Price too might be an issue, because the one GMK had were 15m, which i think is over 45 feet, and at $1US per foot and then add on shipping, it would probably come out being close to $70 or so i guessing. But ill email them and find out.

Also i think bunnings sell copper tubing, does anyone know if that would be suitable, and what it costs? And where would i go to get it coiled properly?

thanks for the surggestions justin


----------



## kman (2/12/04)

i think i might bite the bullet and buy one of these.

http://cgi.ebay.com/ws/eBayISAPI.dll?ViewI...mMakeTrack=true

i think they would be better and last longer too.

and all of the plate sits under the ice and you could use a really small esky.


----------



## dreamboat (2/12/04)

I have a couple of SS coils at home. 
I will try to remember to take a piccy tonight and get some measurements, but generally, I would guesstimate a 6-8mm diameter, with a coil length of less than 300mm containing at least 10m of tube..... as I say, let me measure it all up, and I will get back to you.



Dreamboat


----------



## kman (2/12/04)

very interesting, very interesting indeed.

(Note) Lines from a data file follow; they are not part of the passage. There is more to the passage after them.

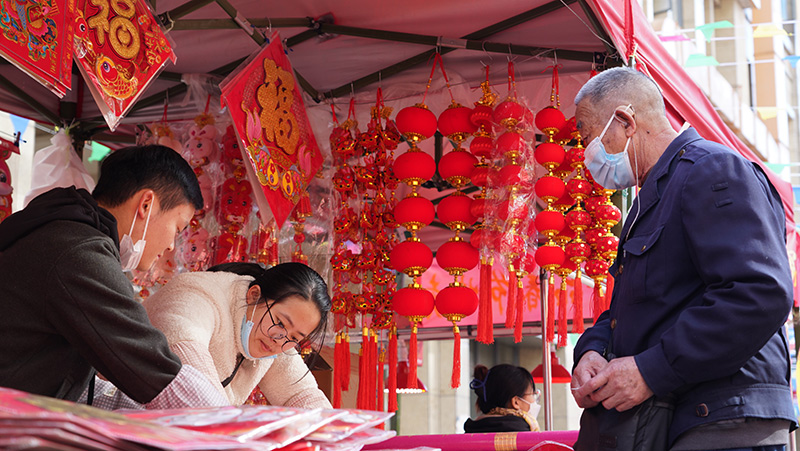 市场外围年货街市民挑选春联。郭武辉摄
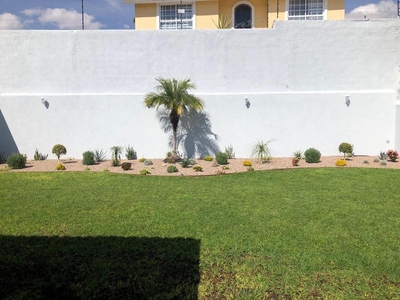 JURIQUILLA CASA DE LUJO IMPECABLE UN SOLO NIVEL 585 M2 TERRENO 3 RECAMARAS CUARTO SERVICIO JARDIN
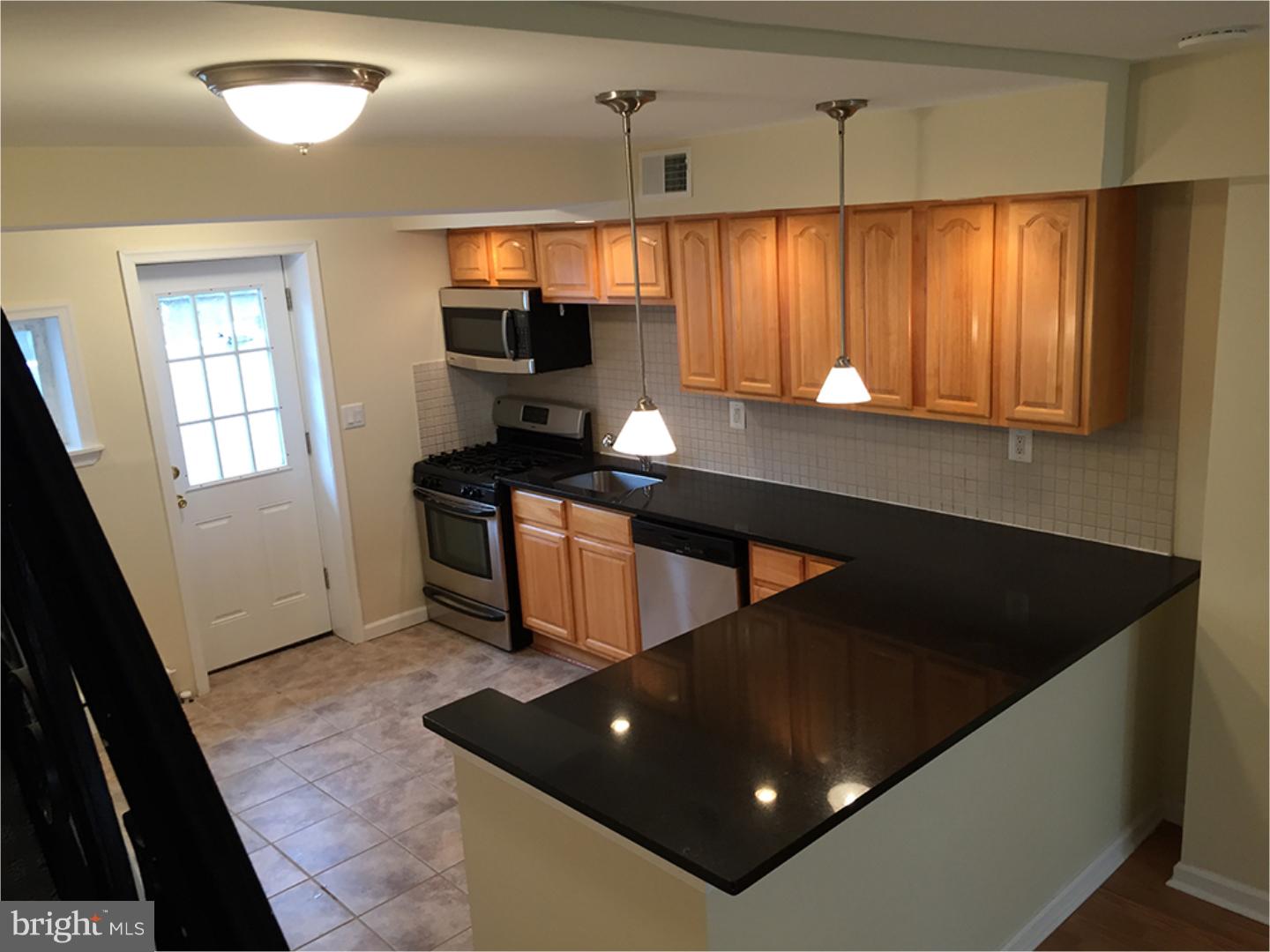 PASSYUNK SQUARE - Residential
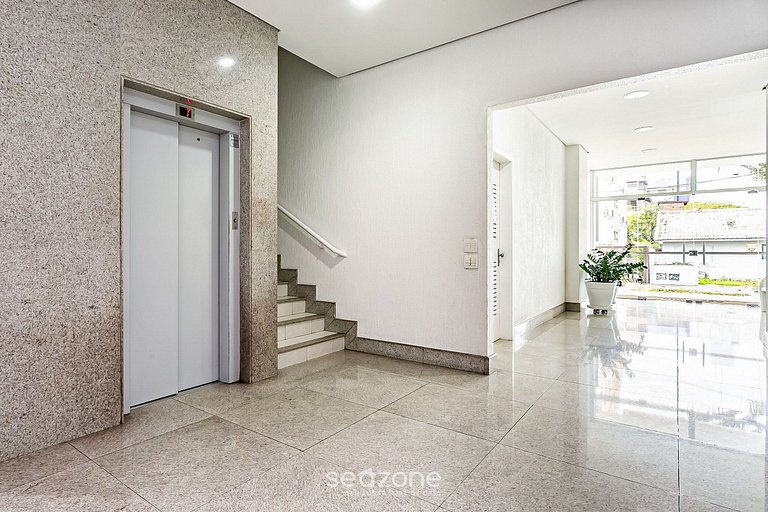 Apartamento em Jurerê enorme próximo da praia AYA201 Seazone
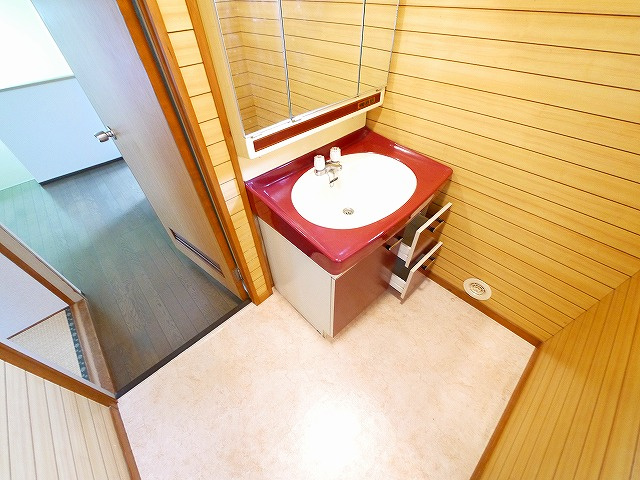 東生駒さつき台ローレルコートの独立洗面台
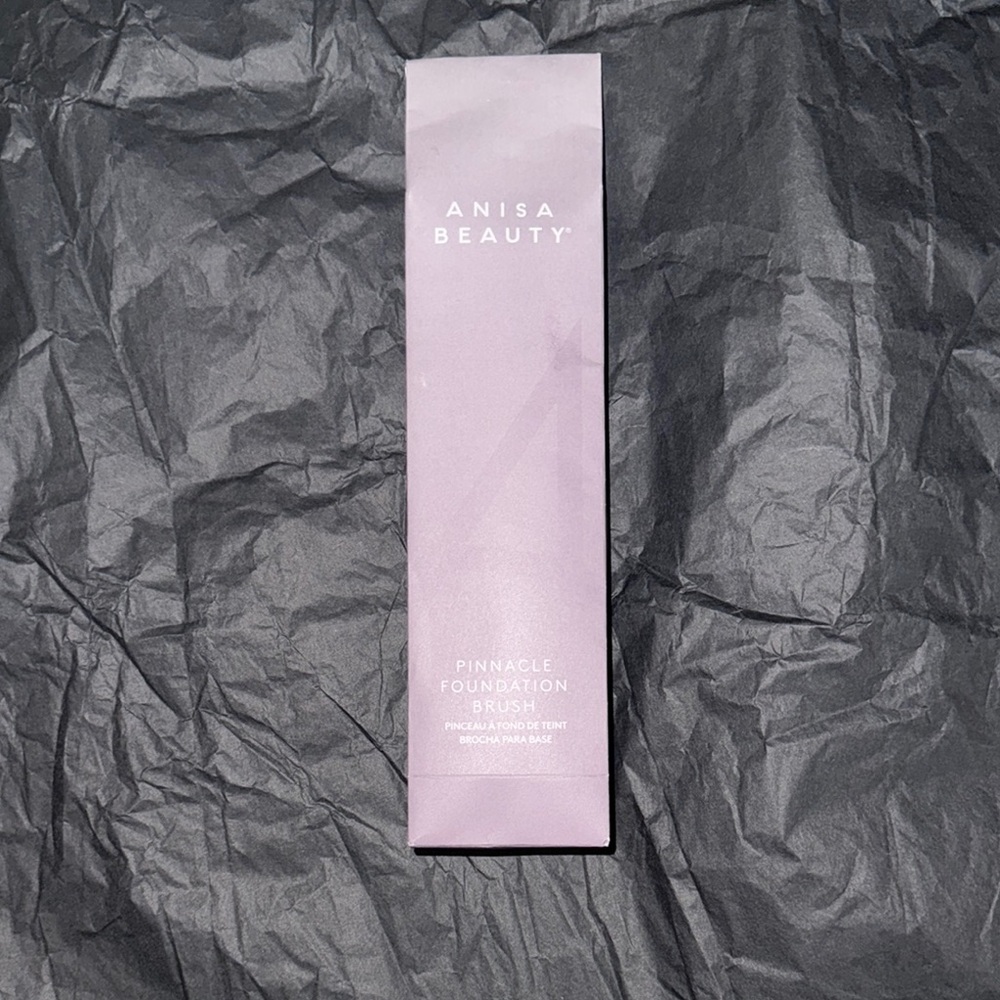 Anisa Beauty Pinnacle Foundation Brush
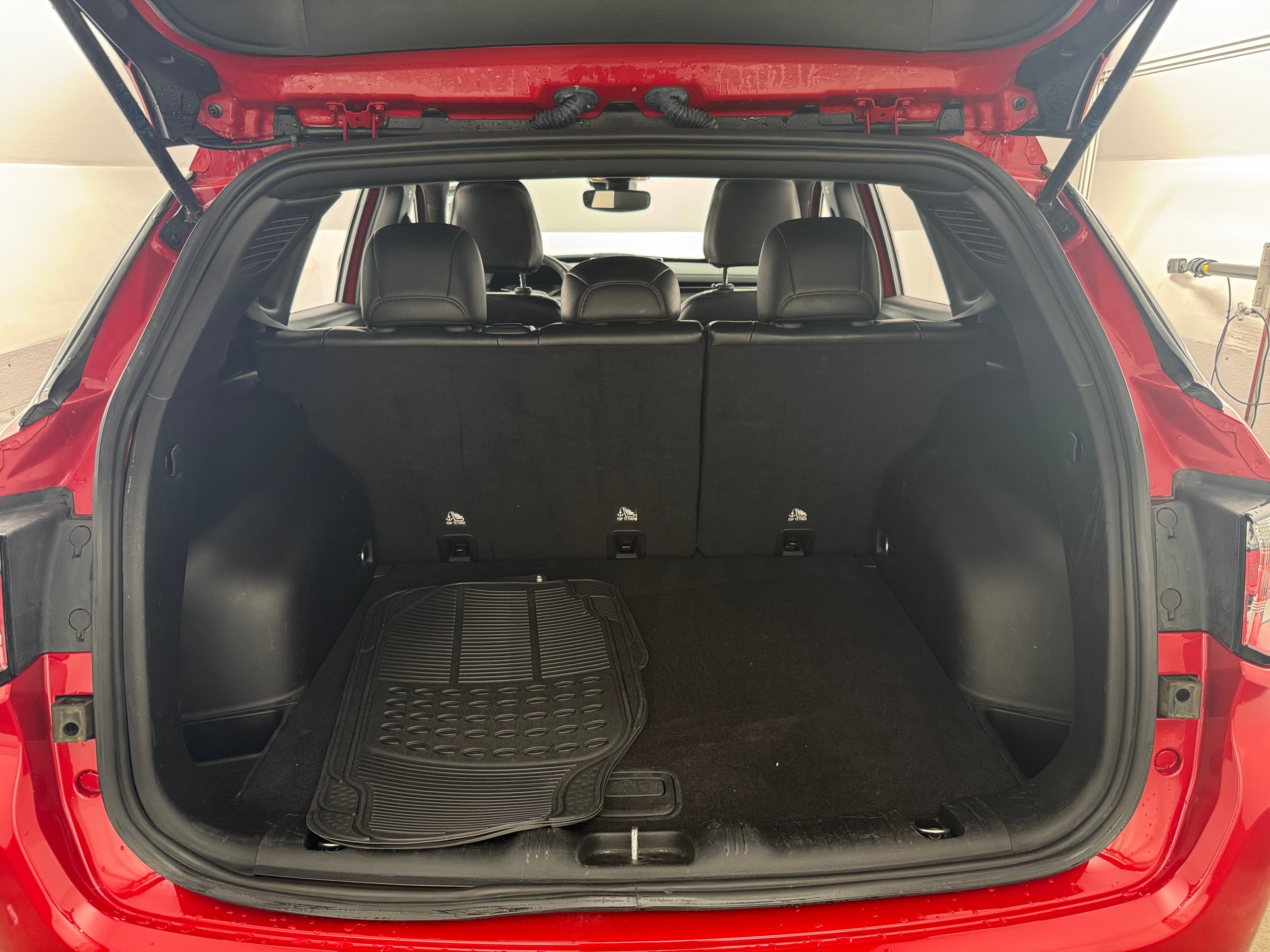 2023 Jeep Compass Red Edition 6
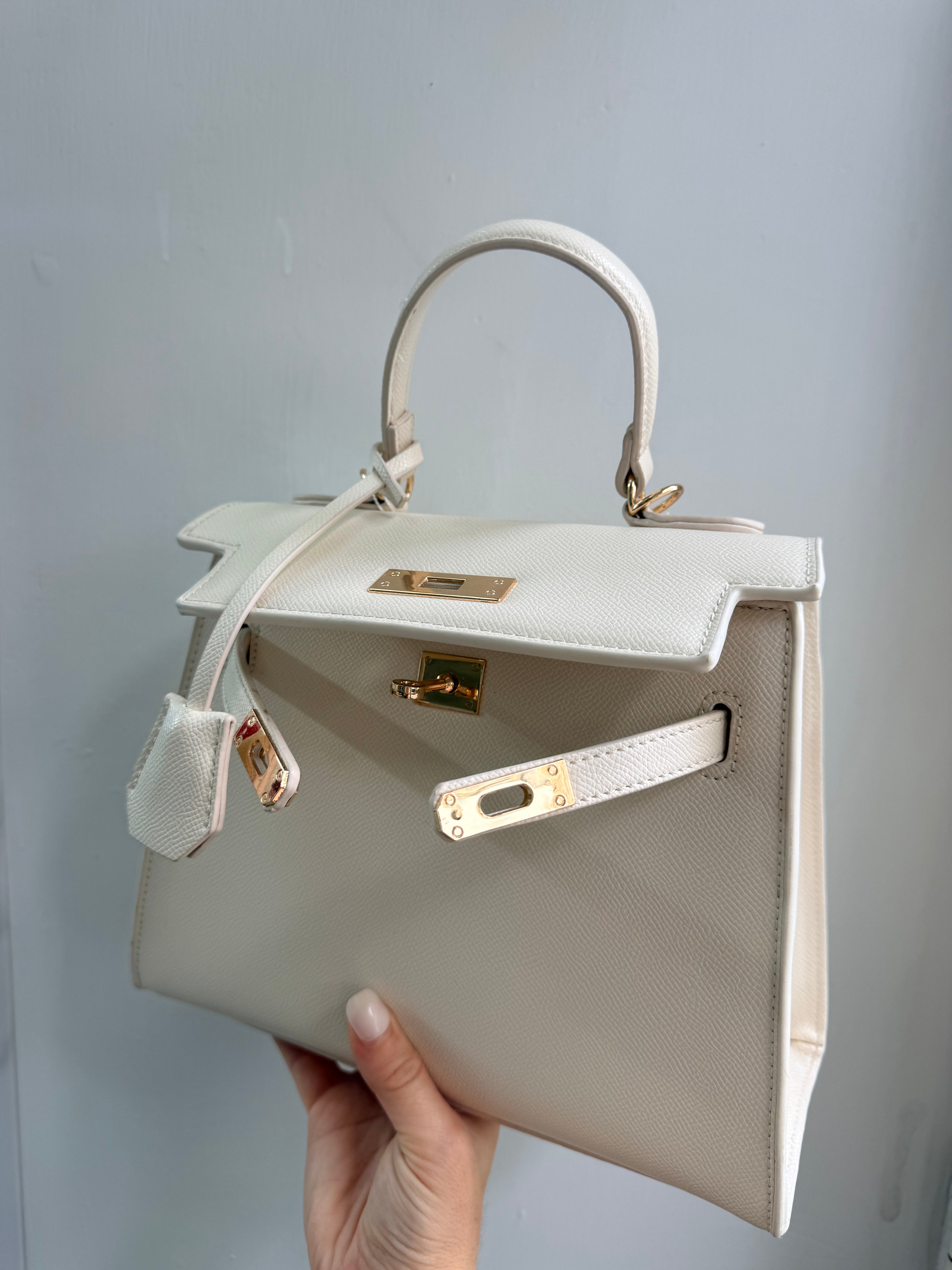 Borsa Nina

If the tubing is 6mm id be pretty keen to take it off your hands


----------



## Justin (2/12/04)

Well you could use copper tubing too. 1/4" cost around $4p/m so it might add up quick but because you only plan to use it for parties and it's not a permanent set up it copper wouldn't matter (no different to a CFC). Also easy to bend.

JD


----------



## dreamboat (3/12/04)

Righto...
Surprised even myself by remembering to take photo's last night, and even more so, by bringing the camera with me to download them!!!

The two coils shown are slightly different.
Both are around 8mm diameter (couldn't find the micrometer to be sure).
Both have 20 coils.
The smaller one contains around 6m of tube, the larger 7.2m. The straight sections of each coil are 80mm, with 45mm and 65mm bends respectively. one end of each has a flared fitting, and the other is pressed and welded to close it off.


Dreamboat


----------



## kman (3/12/04)

i think 8mm would be too big, and couldnt cool the beer properly (as less surface area of beer would be touching the coil)

6mm stuff you be the go i think


----------



## Poodz (3/12/04)

Thats me on page 1 

I got a fridge extension for my esky to stick a pull down tap on the side, havent got around to installing yet as ive been too lazy.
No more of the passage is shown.